Source data >>

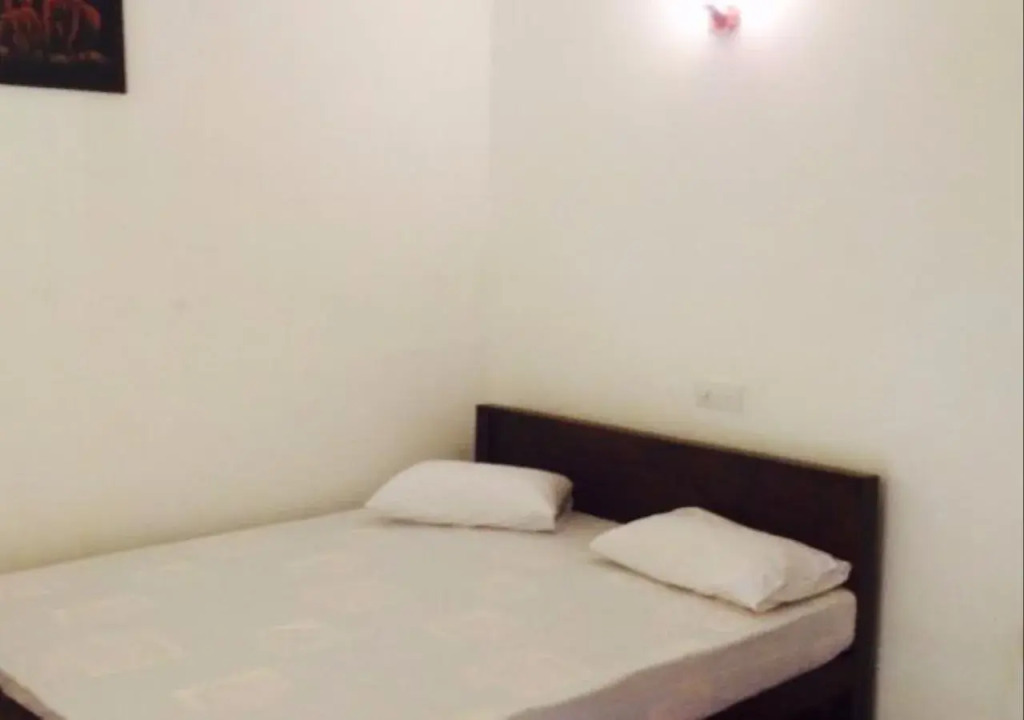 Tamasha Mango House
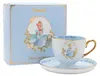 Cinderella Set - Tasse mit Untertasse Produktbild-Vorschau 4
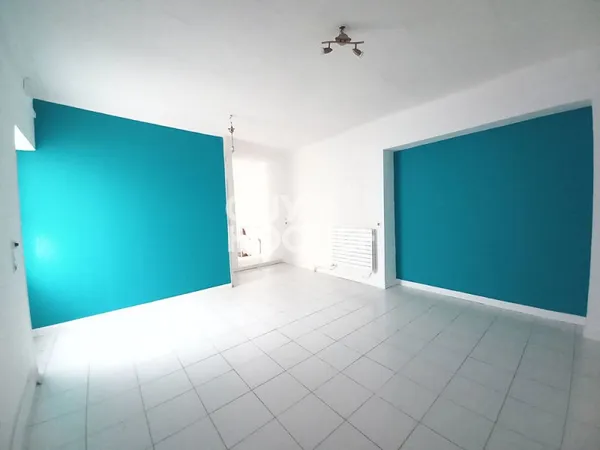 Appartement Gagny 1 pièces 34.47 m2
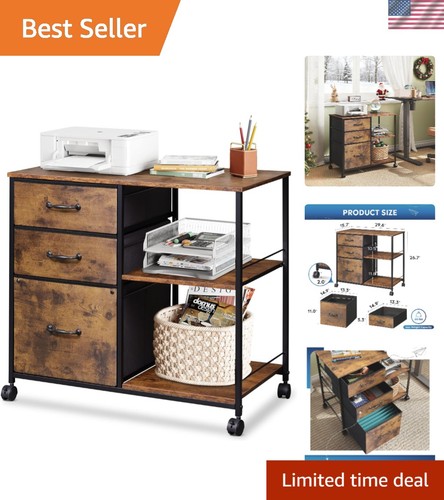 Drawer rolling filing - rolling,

Requirement >>
Restate word for word the lines above that start at the line containing "Appartement Gagny 1 pièces 34.47 m2" and run to the end of the listing; exclude the pictures.

Answer >>
 Appartement Gagny 1 pièces 34.47 m2
 Drawer rolling filing - rolling,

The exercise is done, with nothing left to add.